Germany is a wine country I've wanted to get into for quite a few years now, but German wines were never extensively imported to Israel for reasons both obvious (it's not the most popular country in Israel though when you think about it, neither is France) and not so obvious (an appellation system that is hard to grasp; site names that are difficult to grok and pronounce; and local import laws that mean the good, low alcohol stuff can't legally be sold as wine). A few years ago I picked up a couple of bottles of Bassermann-Jordan 1990 Ausleses that knocked me out but that was more or less it.

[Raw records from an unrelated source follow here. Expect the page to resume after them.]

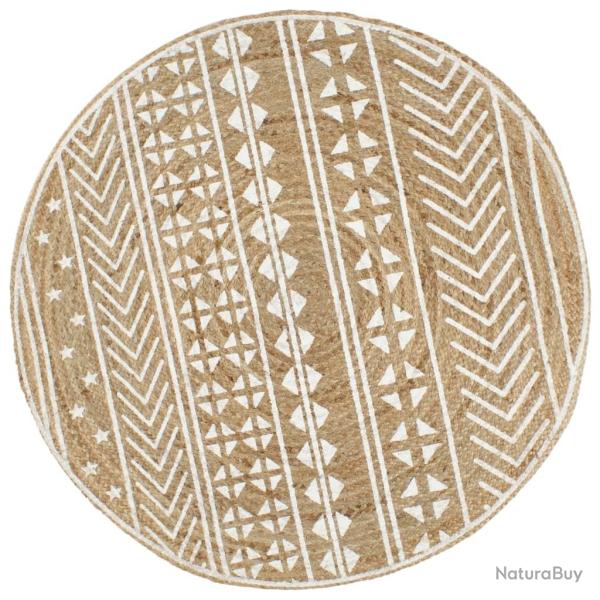 Tapis fait � la main Jute avec imprim� blanc 120 cm alsavelo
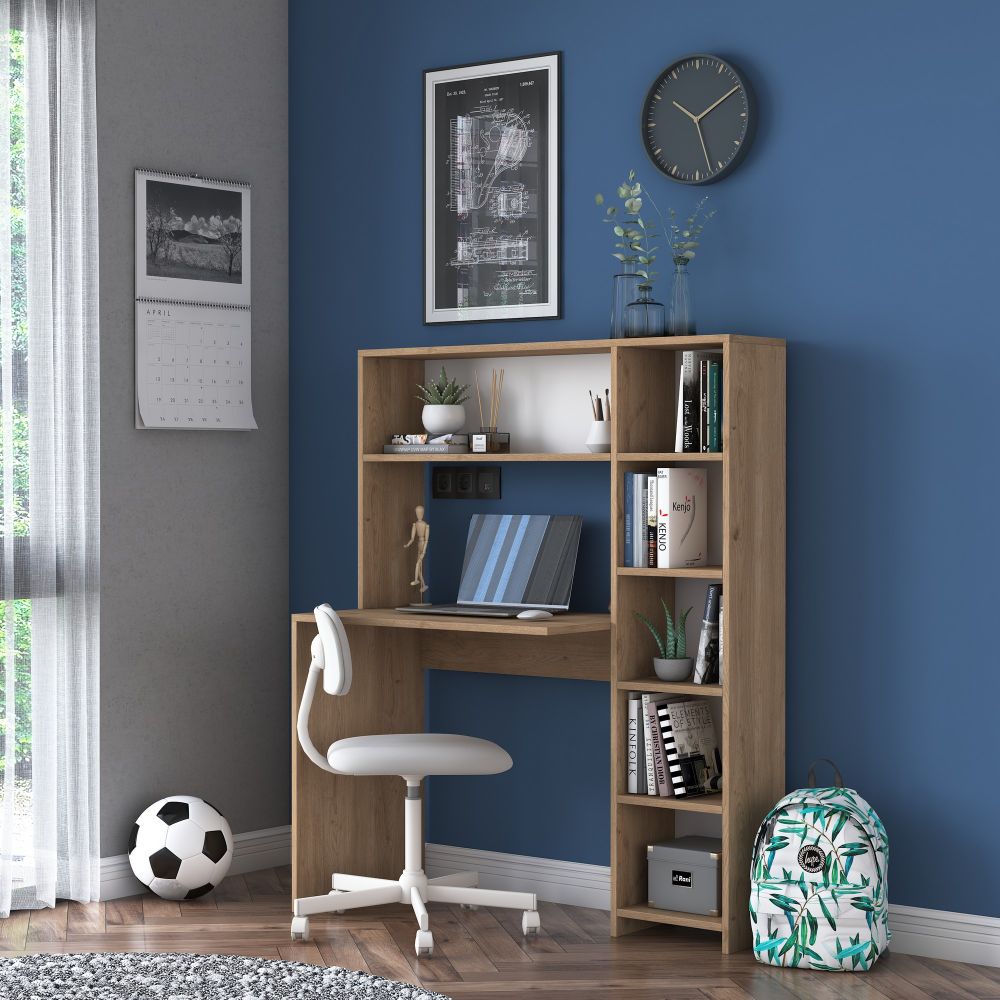 HA104 - 2025 Oak Study Desk - radni sto i polica slika 2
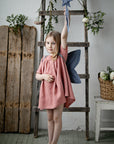 Salmon Short Sleeve Classic Linen Dress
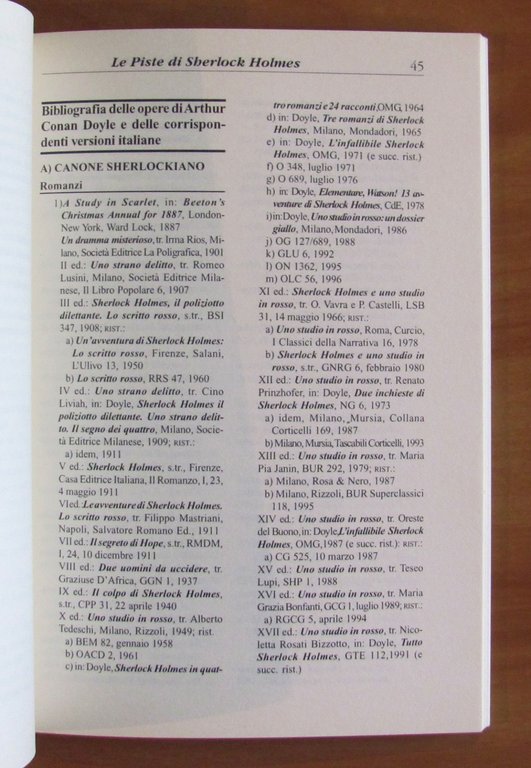 LE PISTE DI SHERLOCK HOLMES, I ed. 1999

This all changed this summer when a local importer called Giaconda opened its doors. Run by Anat Sela and Raphaella Ronen, Giaconda specializes for now mostly in German wines (plus one winery from New Zealand, due to the that Anat and Raphaella studied wine-making in Kiwi land). I should mention I am somewhat friendly with Anat and Raphaella so just to show how I try to remain un-biased, I will say that some of their wines are expensive and sometimes the comparisons to prices in the US and UK are not very flattering. Forget what you might have read about Germany being the last bastion of consumer friendliness!
But back to wine. Giaconda has an impressive freshman catalog with representatives from all the major German wine areas. And it's not just limited to Riesling, either. They import Schuerebe, Rislander, Pinot Blanc, Gewurztraminer and Pinot Noir. They hold monthly tastings (also not moderately priced!) and the cause d'etre for this post is a Rheingau tasting I attended yesterday.
Rheingau is the most historic, classic German wine region, popularly labelled the birthplace of Riesling. Sheesh, I sound like a tourist brochure, don't I? But ignoring the hype and some debate on the Rheingau's current rank among its peers, the Rheingau wines we tasted were hard, marrow-crushing proof of how sensitive vineyard and winery work allows terroir and grape to clearly speak out and how the winemaking tradition works with - and not against - diversity.
Every wine that evening told a different variation of a common story: quartz-like minerality buffetted by elegant, flowery fruit. I know, rationally, that I'm still courting and sucking up to Riesling and knowing this I take a step back and sense faults in specific wines (not to mention noticing the prices) but the big picture still takes my breath away. I drunk the wines while Anat lectured on specifics of technique but I can't connect the winemaking that brought forth the wine with the experience of the wine itself. Each wine was a living thing that existed outside the process that created it, for that moment anyway.
(As a sidenote, I definitely did not feel that way during the Nahe tasting last month but I did enjoy the Pfaltz tasting before that tremendously albeit in a more earthy way than the Rheingau tasting.)
People get into wine for different reasons and they stay there for different reasons and they get different things out of it. But can't it be summed up in those moments when the results of man working with and sometimes against nature just blow you away?